Peter Capaldi’s first series as the Doctor was a return to the ‘spooky stories about a spooky man’ template of the classic series and a shift away from the show’s increasing tendency to be primarily about itself. However, the new season’s opener, ‘The Magician’s Apprentice’, seemed at first to be a move back towards that self-reverence with a character who looked like a cross between a reptile and a Rubik’s cube gliding creepily through established settings like the Shadow Proclamation and, most strikingly, Skaro where an innocent boy introduces himself to the Doctor as Davros.
Capaldi brilliantly embodies all the previous Doctors (Hartnell’s ferocious, occasionally malevolent authoritarianism, Troughton’s loveable scattiness, Pertwee’s elegance, Tom Baker’s weird intensity and so on); Jenna Coleman as Clara has the girlishness of the early assistants, Donna’s irony and Amy Pond’s no-nonsense strength while Michelle Gomez’s Missy is a mix of the more demented of the Master’s incarnations with the Rani’s genius and enjoyment of her feline sensuality. Even the Daleks when we meet them display every model from the very first blue-noduled ones via the one who looks most overtly like a tank to the scarlet Supreme Dalek himself (“You’re my favourite” Missy purrs to him at one point). The show did look a little bit like business as usual; the trailer even has the Doctor saying “Same old, same old”. Uh oh.

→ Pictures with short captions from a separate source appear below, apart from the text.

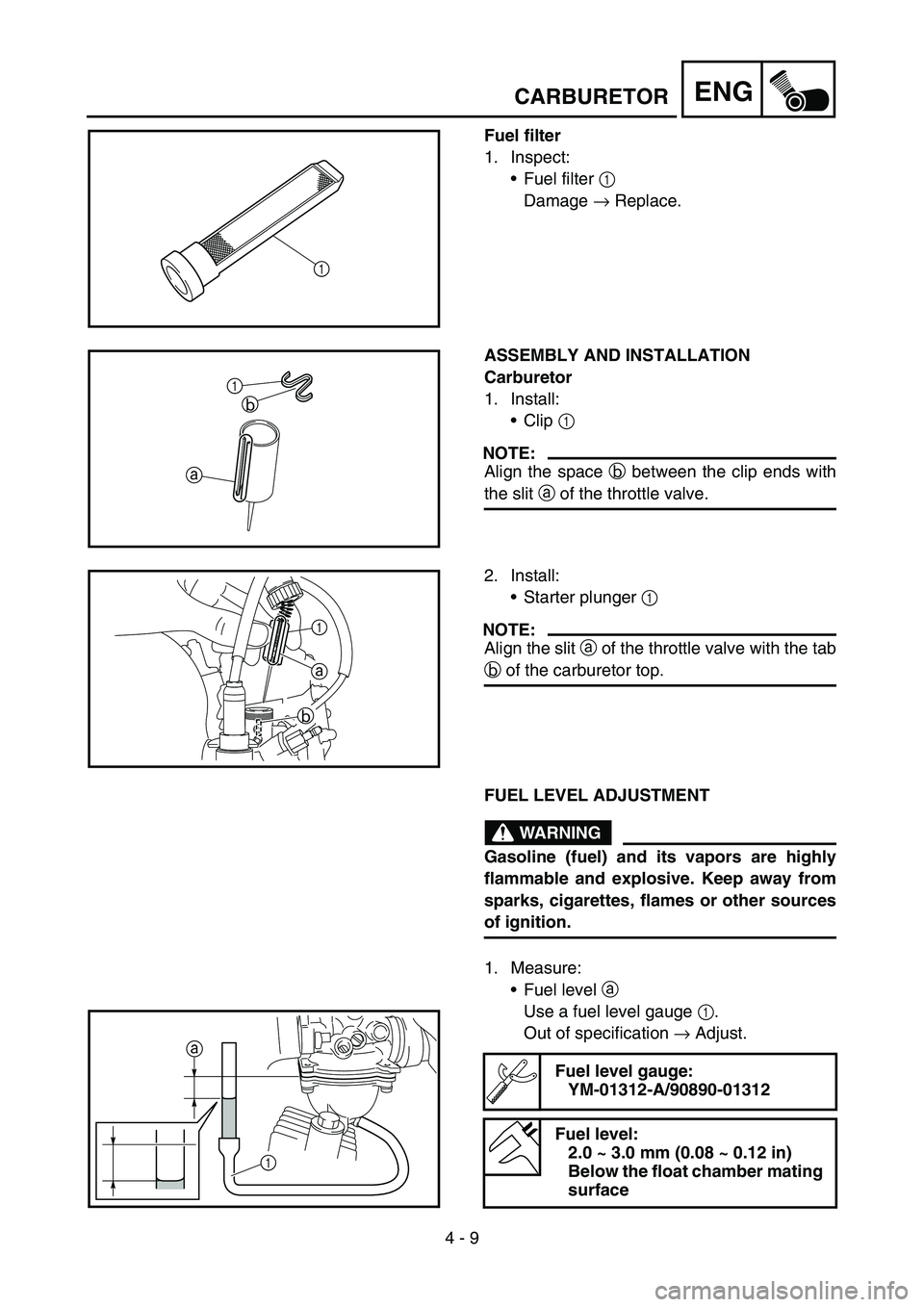 YAMAHA TTR50 2006 Owners Manual
4 - 9
ENGCARBURETOR
Fuel filter
1. Inspect:Fuel filter 1
Damage → Replace.
1
ASSEMBLY AND INSTALLATION
Carburetor
1. Install:
Clip 1
NOTE:
Align the space b between the clip ends with
the s YAMAHA TTR50 2006 Owners Manual
4 - 9
ENGCARBURETOR
Fuel filter
1. Inspect:Fuel filter 1
Damage → Replace.
1
ASSEMBLY AND INSTALLATION
Carburetor
1. Install:
Clip 1
NOTE:
Align the space b between the clip ends with
the s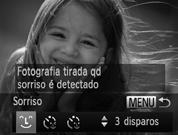 Detectar um Rosto e Fotografar (Obturador Inteligente) Detectar um Sorriso e Fotografar A câmara dispara ao detectar um sorriso, mesmo que não prima o botão do obturador.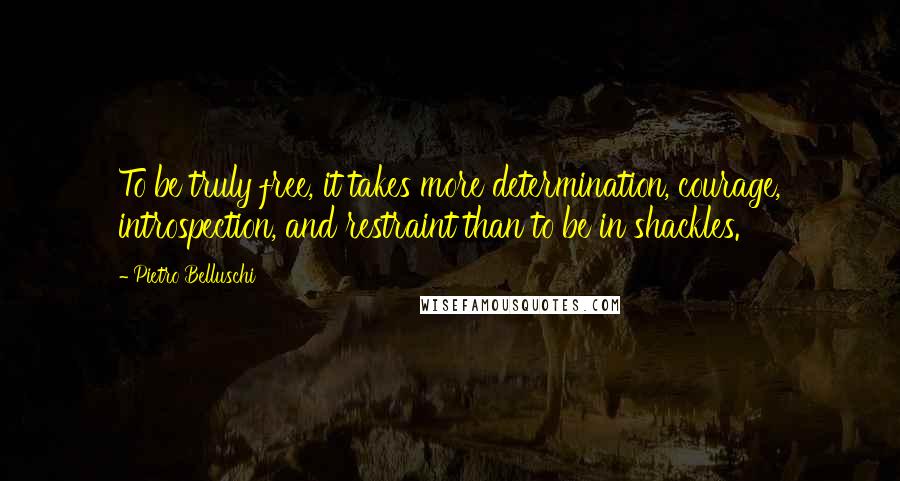 Pietro Belluschi Quotes: To be truly free, it takes more determination, courage, introspection, and restraint than to be in shackles.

Then came part two. If there was any doubt that Steven Moffat is one of the great myth-makers of our time, ‘The Witch’s Familiar’ exterminated it. Playing with the history of ‘Doctor Who’, particularly the classic ‘Genesis of the Daleks’, the story sweeps us through big themes of morality, power and responsibility with a lightness that only an established character with dozens of well-known stories behind him can achieve. What in lesser hands could have seemed irritatingly post-modern instead becomes genuinely resonant as the Mekon-like Davros, who has been killed more often than any other character in the show, reaches the end of his life naturally for once and appears to seek some kind of reconciliation. ‘Was I a good man?’ he asks; a surprising question given his barely human appearance. I always thought Davros had been born a mutant but he appears to have been made. Who’s fault was that? Guess…

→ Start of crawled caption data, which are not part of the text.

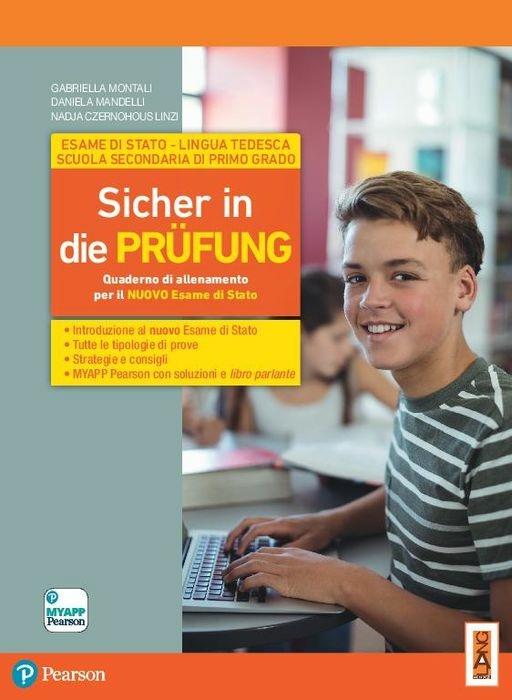 Sicher in die prüfung. Quaderno di allenamento al nuovo esame di Stato - linguistico. Per la Scuola media. Con espansione online - Gabriella Montali,Daniela Mandelli,Nadja Czernohous Linzi - copertina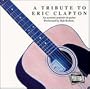 A Tribute To Eric Clapton
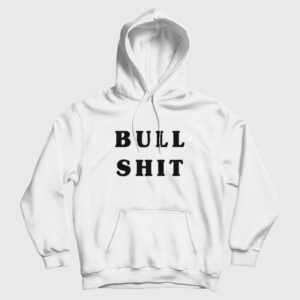 Bull Shit The Jerk Hoodie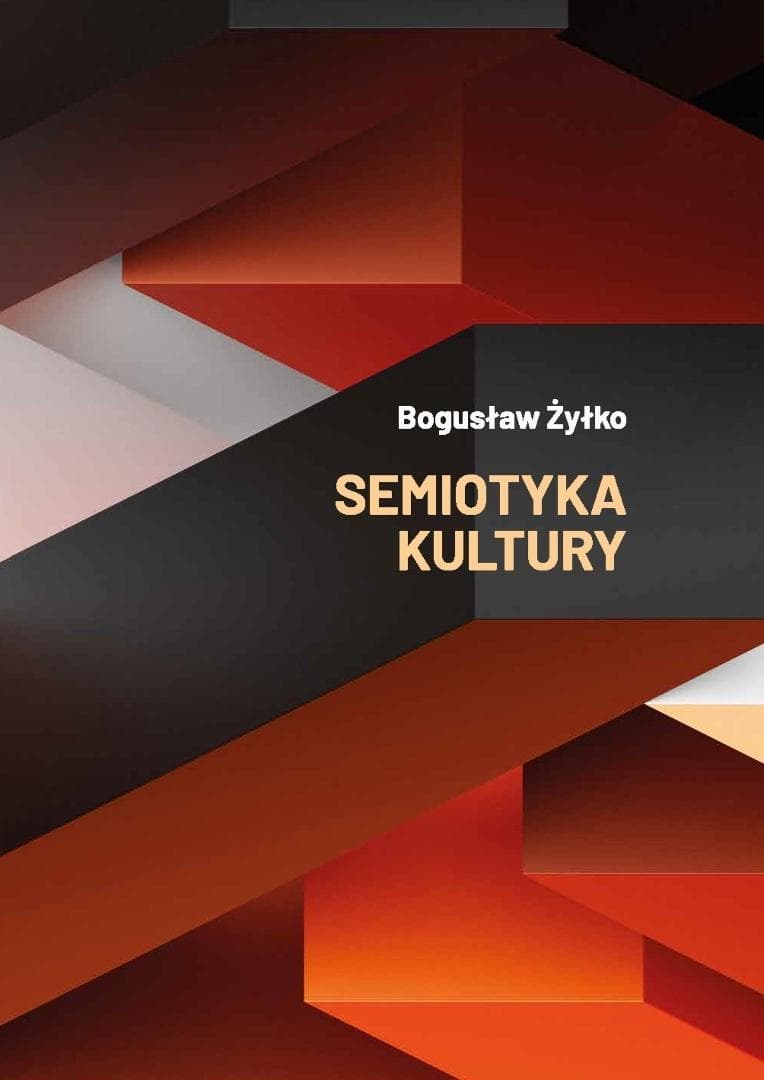 Semiotyka kultury - Bogusław Żyłko - publikacja naukowa z post scriptum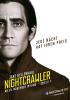 Nightcrawler - Jede Nacht hat ihren Preis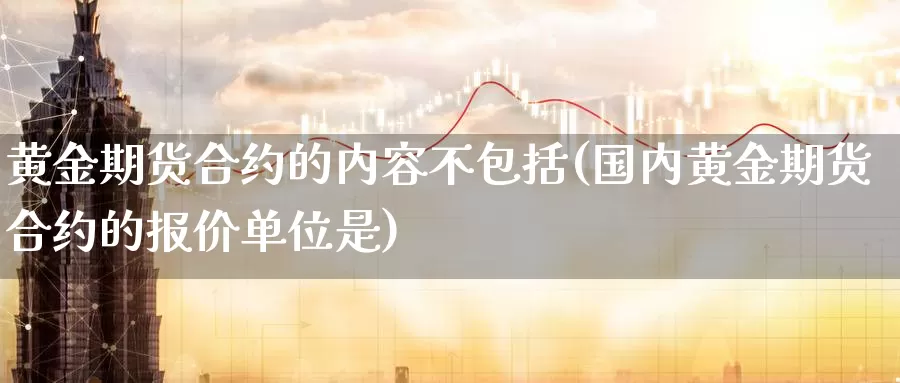 黄金期货合约的内容不包括(国内黄金期货合约的报价单位是)_https://www.zhuotongtaye.com_期货知识_第1张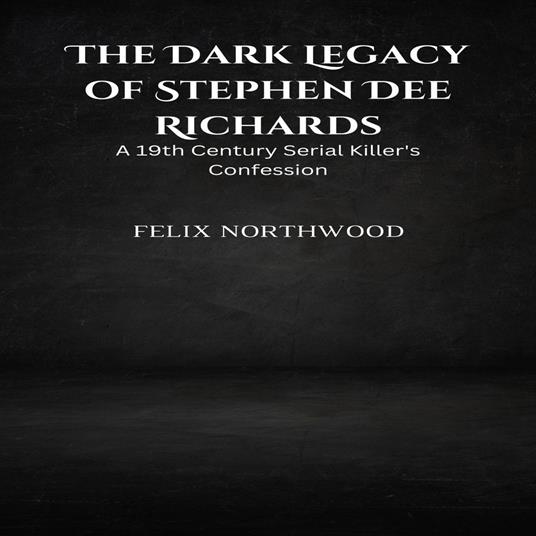 Dark Legacy of Stephen Dee Richards, The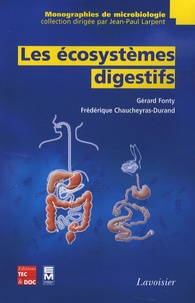 Gérard Fronty et Frédérique Chaucheyras-Durand - Les écosystèmes digestifs.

Humour in this story feels like a correlative for humanity. Missy gets a lot of the best lines, to the extent that even though she is clearly and unapologetically a psychopath we still root for her. In a more subtle gag, Clara hides in a Dalek the way she did when we first met her in ‘Asylum of the Daleks’ when Matt Smith was the Doctor; the irony taking a darker turn when we learn that the word ‘love’ translates to ‘exterminate’ when you’re in that metal casing. But it is the scene where Davros calls the Doctor a very bad doctor that really makes us think that Ol’ Blue Eye has finally realised the error of his ways, despite having offered the Doctor a means of exterminating the Daleks just a couple of scenes earlier. The two old enemies laugh together and us with them; hoping that despite the horror there is a possibility of redemption. There is, but this being the Doctor and Davros as imagined by Moffat, it is not the one we expect.
That unpredictability is what I hope will characterise this season. “There is no Doctor,” says the Time Lord near the end, “just a man in a box.” He reinvents himself even as he is reinvented. How’s that for pure SF meta-story? Even though we know these characters well, even though they have all regenerated in one way or another, the creative team and actors in particular have forged something entirely new from well-known and much loved source material.
What a great opener after all, and how bold to have let us wonder. I will always look forward to ‘Doctor Who’, despite the trauma it caused in my very early youth. Perhaps my initial resistance was down to knowing how that boy felt in the strange muddy field surrounded by hands that had eyes embedded in their palms. Let’s face it, we’ve all been there.